3. Compute \( y \) values:
For each value of \( t \) in the interval [0, 1], compute \( y \) using the formula:
[tex]\[ y = \arctan(t) \][/tex]
- When \( t = 0 \):
[tex]\[ y = \arctan(0) = 0 \][/tex]
- As \( t \) increases, \( y \) also increases toward \( \frac{\pi}{4} \).

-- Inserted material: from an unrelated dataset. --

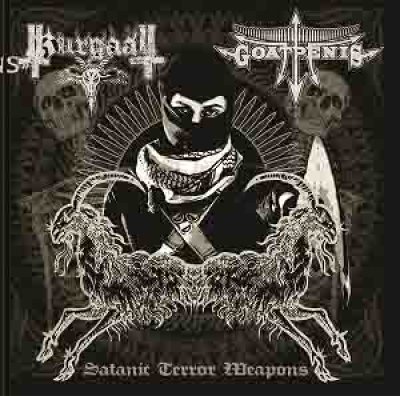 画像1: Goatpenis / Kurgaall - Satanic Terror Weapons / CD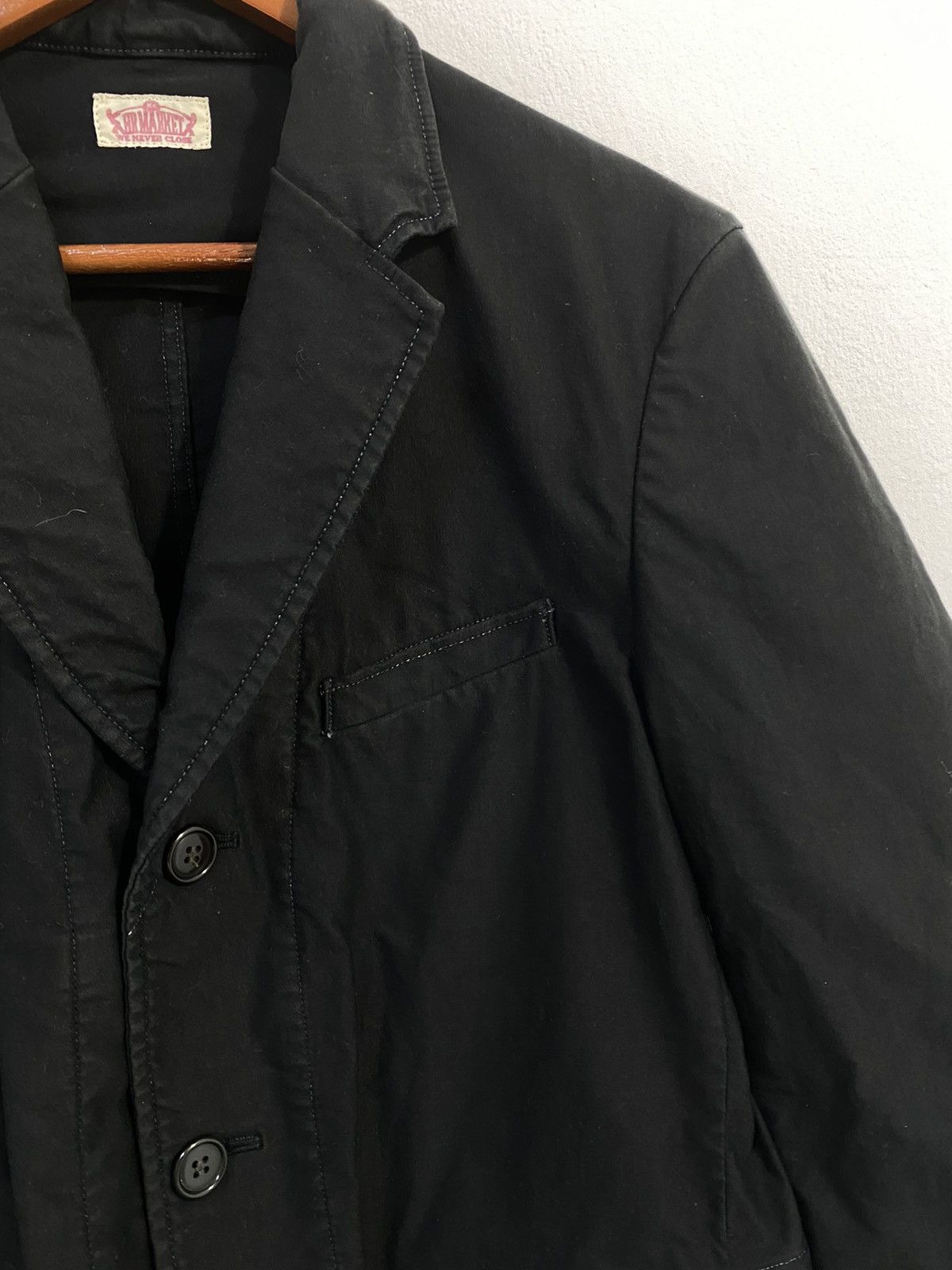 Blue Blue Japan Hollywood ranch market Jacket suit Jacket Black Color Design Size US L / EU 52-54 / 3 - 5 Thumbnail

For instance:
[tex]\[ \begin{aligned} y \text{ at } t &\approx 0.1: & y &\approx \arctan(0.1) \approx 0.1 \\ y \text{ at } t &\approx 0.5: & y &\approx \arctan(0.5) \approx 0.46 \\ y \text{ at } t &\approx 1: & y &\approx \arctan(1) = \frac{\pi}{4} \approx 0.785 \\ \end{aligned} \][/tex]
The values of \( y \) at other points within [0, 1] would similarly be calculated.
4. Result Compilation:
Combining all these calculations, we find that:
- The \( x \) values range from 0 to approximately 0.693.
- The \( y \) values range from 0 to approximately 0.785.
Here’s a sample of what these values look like for a few points as \( t \) moves from 0 towards 1. Due to the comprehensive computation, we observe the following:
[tex]\[ \begin{array}{ccc} t & x & y \\ \hline 0 & 0.00000000 & 0.00000000 \\ 0.001 & 0.00000050 & 0.00100100 \\ 0.002 & 0.00000200 & 0.00200200 \\ 0.005 & 0.00000125 & 0.00500496 \\ \vdots & \vdots & \vdots \\ 0.5 & 0.12165486 & 0.46364760 \\ 1 & 0.69314714 & 0.78539816 \\ \end{array} \][/tex]
Therefore, by methodically computing these values, we see how [tex]\( x \)[/tex] and [tex]\( y \)[/tex] vary continuously from [tex]\( t = 0 \)[/tex] to [tex]\( t = 1 \)[/tex]. The results match the provided numerical output and give an excellent view of how the expressions for [tex]\( x \)[/tex] and [tex]\( y \)[/tex] evolve with [tex]\( t \)[/tex].